■ Exercise description ■
Quote the records that follow in full and exactly; leave out the pictures.

■ Given records ■
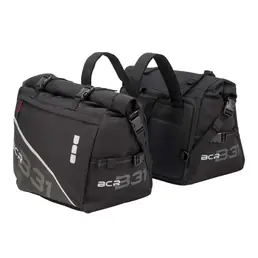 Prezzo Basso Borse laterali da moto B31 - 25-35 litri Nero
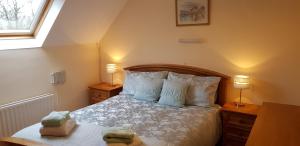 Stradbally cottages客房内的一张或多张床位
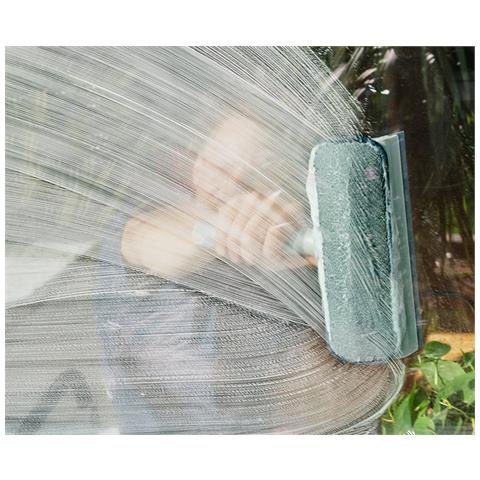 Ricambio In Microfibra Per Pulizia Vetri Cleantech Accessorio Per Pulizia Del Vetro Senza Aloni Facile Da Montare Lavabile Riutilizzabile Alta Qualità Colore Blu - Foto 2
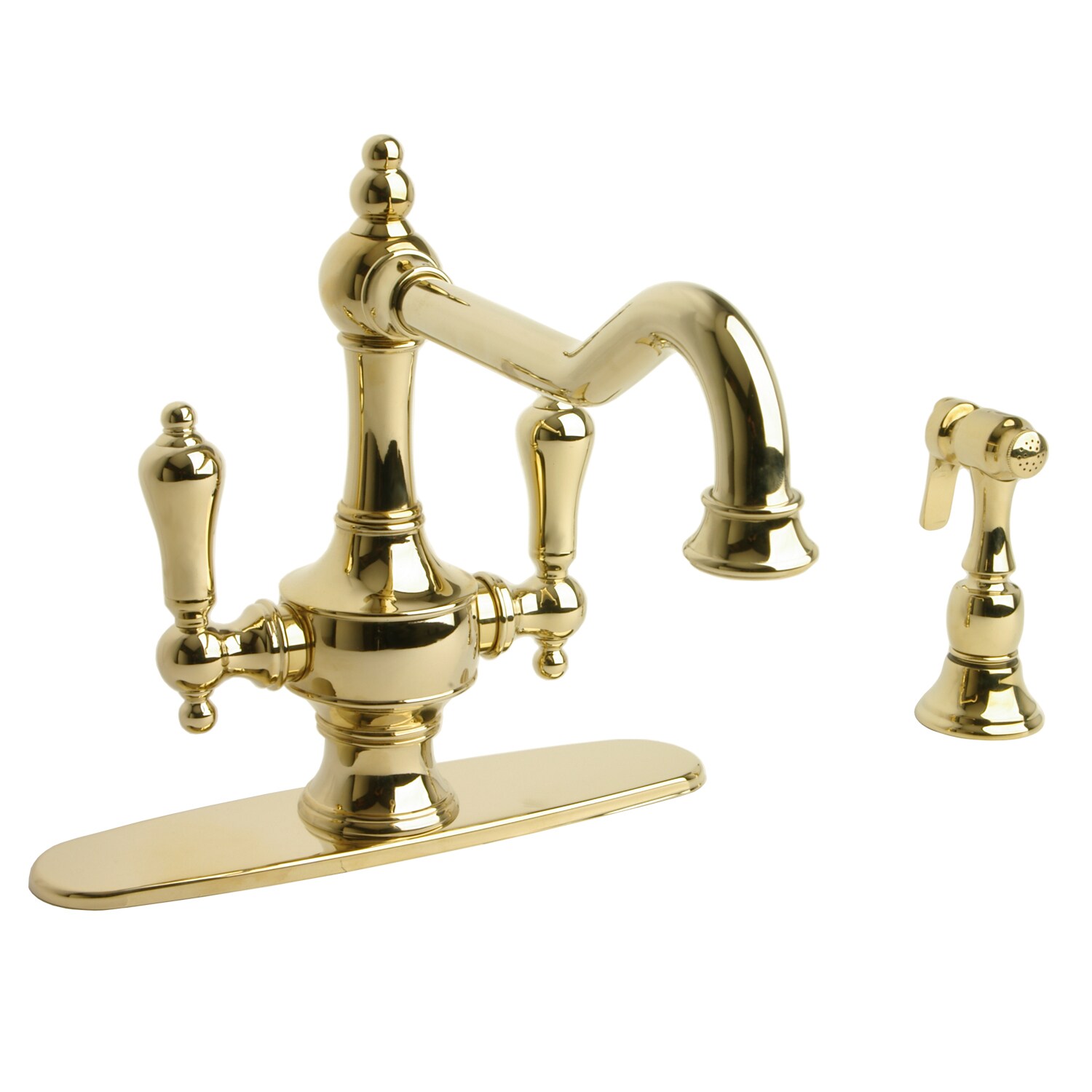 Giagni Isonzo Millennium Brass 2 Handle Pull Out Kitchen Faucet With   00624753 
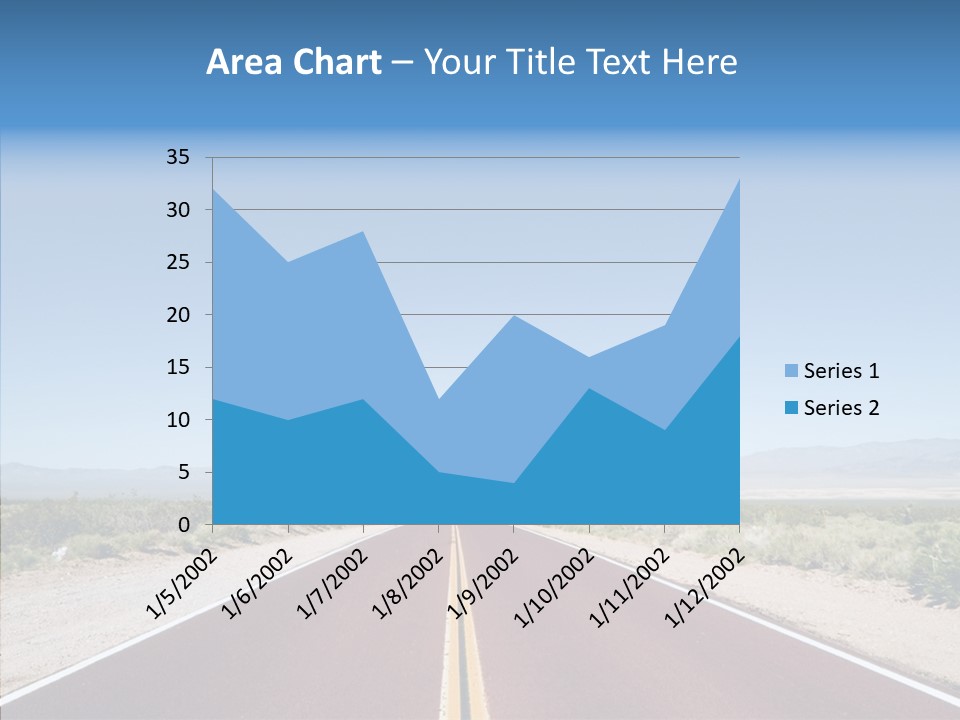 Pave Paving Sky PowerPoint Template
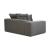 Mallow Fabric Left Arm Facing 2-Seater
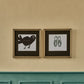 Wall art, HDShoe, Dark green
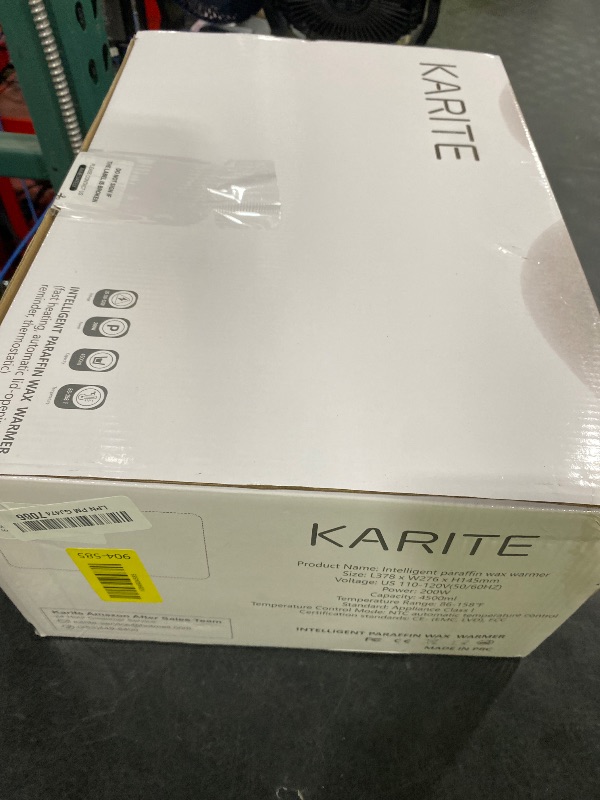 Photo 1 of KARITE Paraffin wax machine ---- FOR PARTS ONLY BROKEN SURFACE.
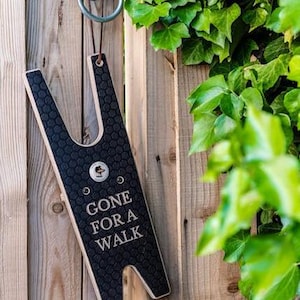 Bespoke shoe remover, Back & Arm pain relief gadget, Wooden engraved Brown personalised boot jack, Wellie puller with leather hanging strap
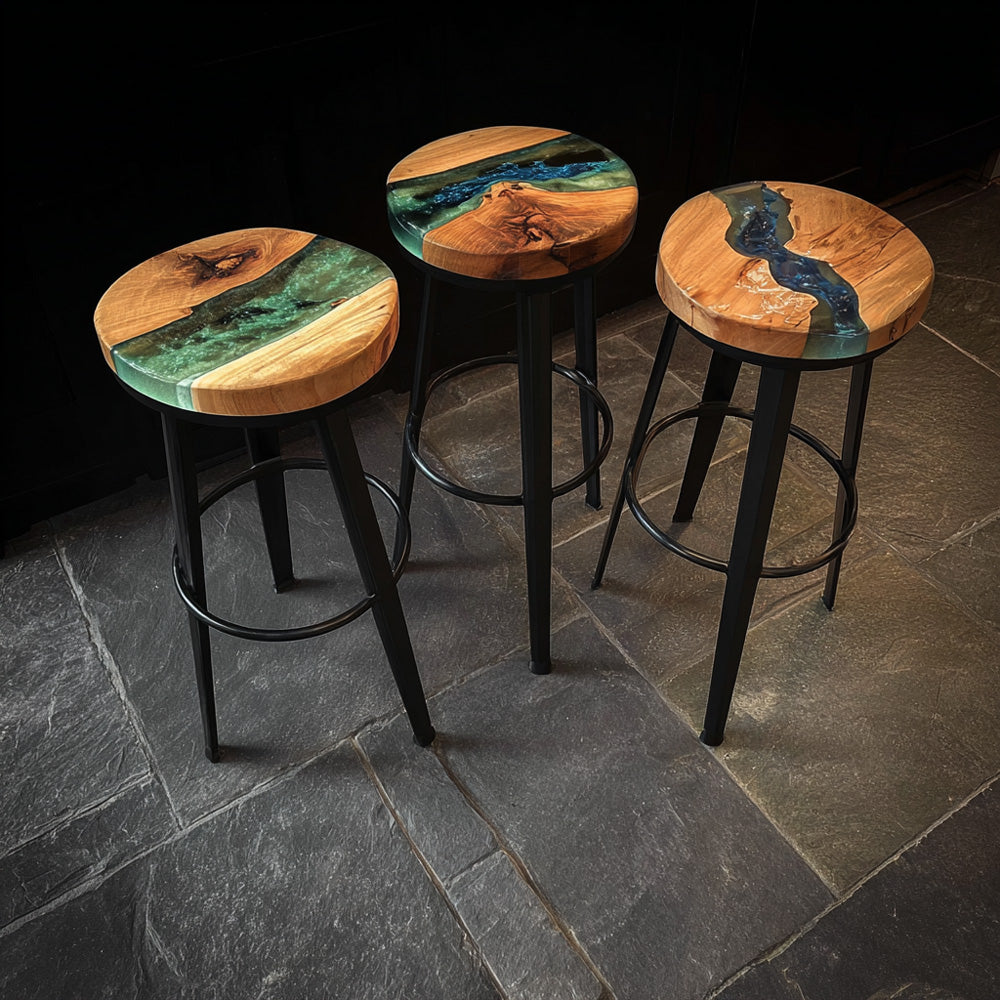 Round Poplar River Epoxy Chairs&Stools KEC14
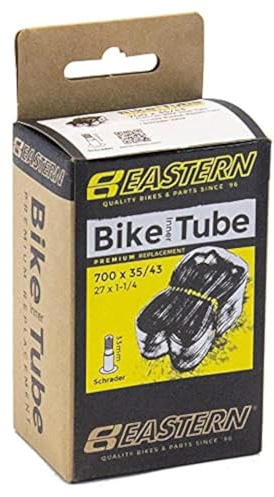 Innenschlauch für Pendler 700 x 35/43 C A/V (Schrader) in Schwarz, Rennrad Zubehör, Fahrradmantel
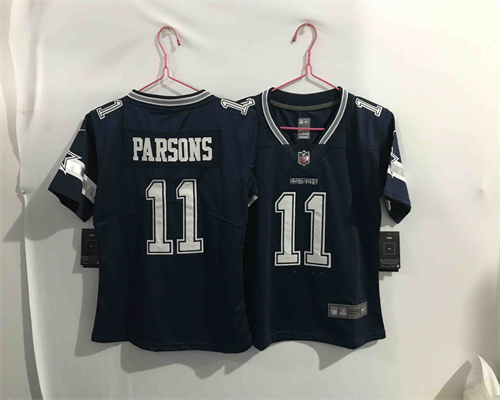 Women Nike Cowboys 11 Micah Parsons Navy 2021 Draft Vapor Limited Jersey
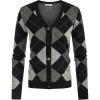 imageGRACE KARIN Womens Cardigan Sweater Fall Long Sleeve Argyle Sweater V Neck Button Up Cardigan Color Block Preppy Clothes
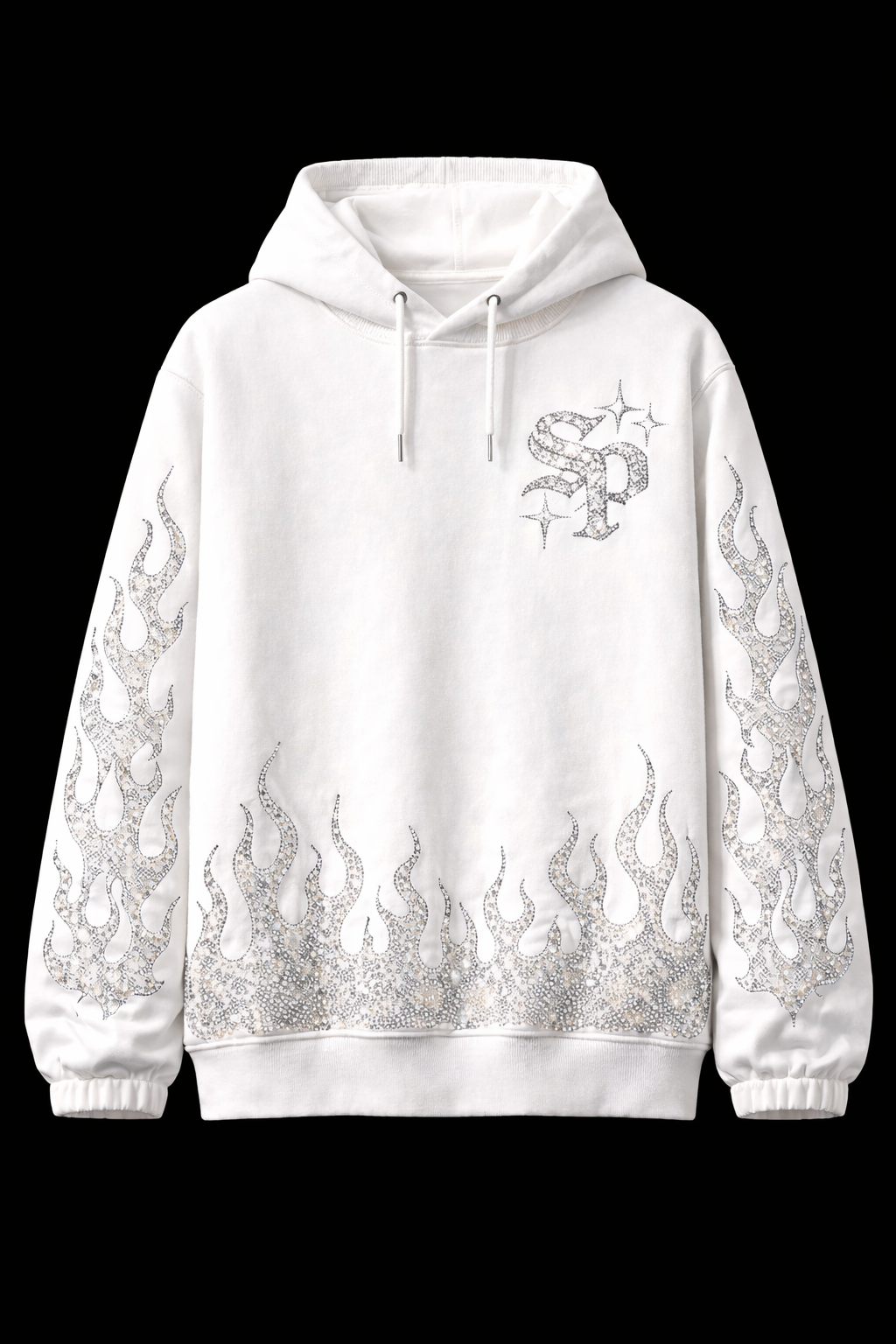 Rhinestone Superior Hoodie (Flame Edition)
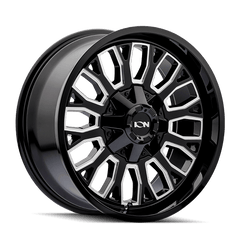 20x9 ION 152 5x5 5x5.5 Offset (0) Center Bore (87.1) Style #152 | 152 - 2952M - Black Patch Performance - ION1522952M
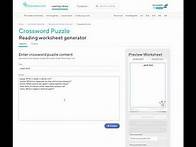 Video thumbnail for How to make a crossword puzzle on Education.com
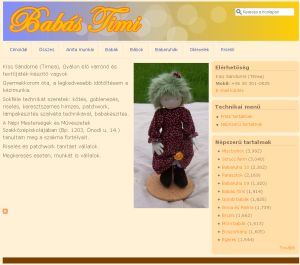 Bab�s Timi iparmuveszet, textil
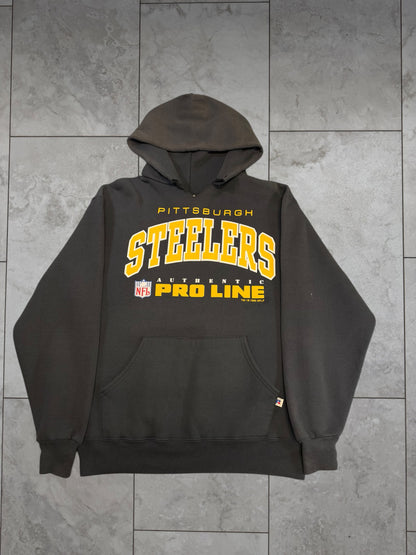 (L) 1995 Steelers Authentic Pro Line Russel Hoodie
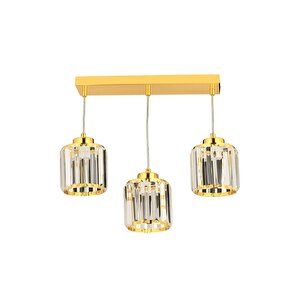 Bottle Modern Avize E27 36w 30x12cm Metal Gold Dorbien-fz-7383-3s-s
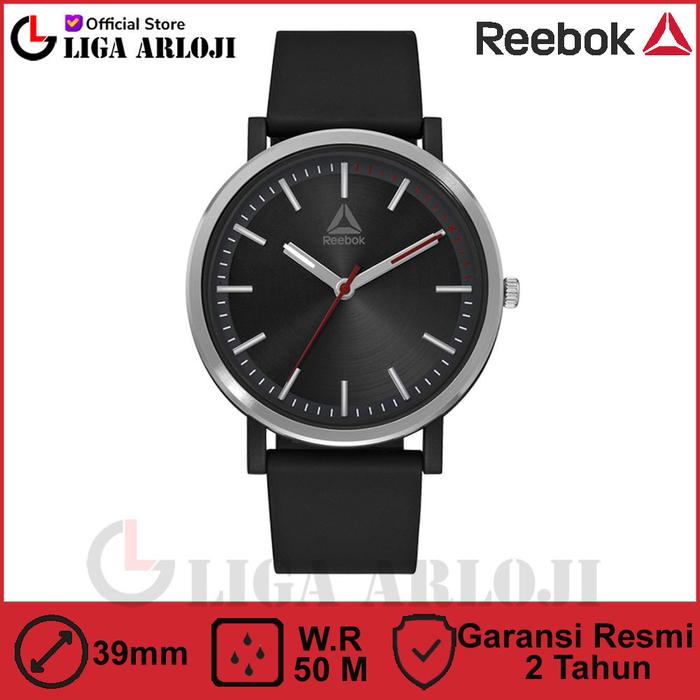 Gambar REEBOK RD-FRA-U2-PBPB-B1 - Jam Tangan Unisex Analog - Black Rubber dari Liga.Arloji Kota Administrasi Jakarta Pusat Tokopedia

■ Finished task ■
 Prezzo Basso Borse laterali da moto B31 - 25-35 litri Nero
 Stradbally cottages客房内的一张或多张床位
 Ricambio In Microfibra Per Pulizia Vetri Cleantech Accessorio Per Pulizia Del Vetro Senza Aloni Facile Da Montare Lavabile Riutilizzabile Alta Qualità Colore Blu - Foto 2
 Giagni Isonzo Millennium Brass 2 Handle Pull Out Kitchen Faucet With   00624753 
 Pave Paving Sky PowerPoint Template
 Mallow Fabric Left Arm Facing 2-Seater
 Wall art, HDShoe, Dark green
 Photo 1 of KARITE Paraffin wax machine ---- FOR PARTS ONLY BROKEN SURFACE.
 Bespoke shoe remover, Back & Arm pain relief gadget, Wooden engraved Brown personalised boot jack, Wellie puller with leather hanging strap
 Round Poplar River Epoxy Chairs&Stools KEC14
 Innenschlauch für Pendler 700 x 35/43 C A/V (Schrader) in Schwarz, Rennrad Zubehör, Fahrradmantel
 Women Nike Cowboys 11 Micah Parsons Navy 2021 Draft Vapor Limited Jersey
 imageGRACE KARIN Womens Cardigan Sweater Fall Long Sleeve Argyle Sweater V Neck Button Up Cardigan Color Block Preppy Clothes
 Rhinestone Superior Hoodie (Flame Edition)
 20x9 ION 152 5x5 5x5.5 Offset (0) Center Bore (87.1) Style #152 | 152 - 2952M - Black Patch Performance - ION1522952M
 Video thumbnail for How to make a crossword puzzle on Education.com
 Bab�s Timi iparmuveszet, textil
 (L) 1995 Steelers Authentic Pro Line Russel Hoodie
 Bottle Modern Avize E27 36w 30x12cm Metal Gold Dorbien-fz-7383-3s-s
 Gambar REEBOK RD-FRA-U2-PBPB-B1 - Jam Tangan Unisex Analog - Black Rubber dari Liga.Arloji Kota Administrasi Jakarta Pusat Tokopedia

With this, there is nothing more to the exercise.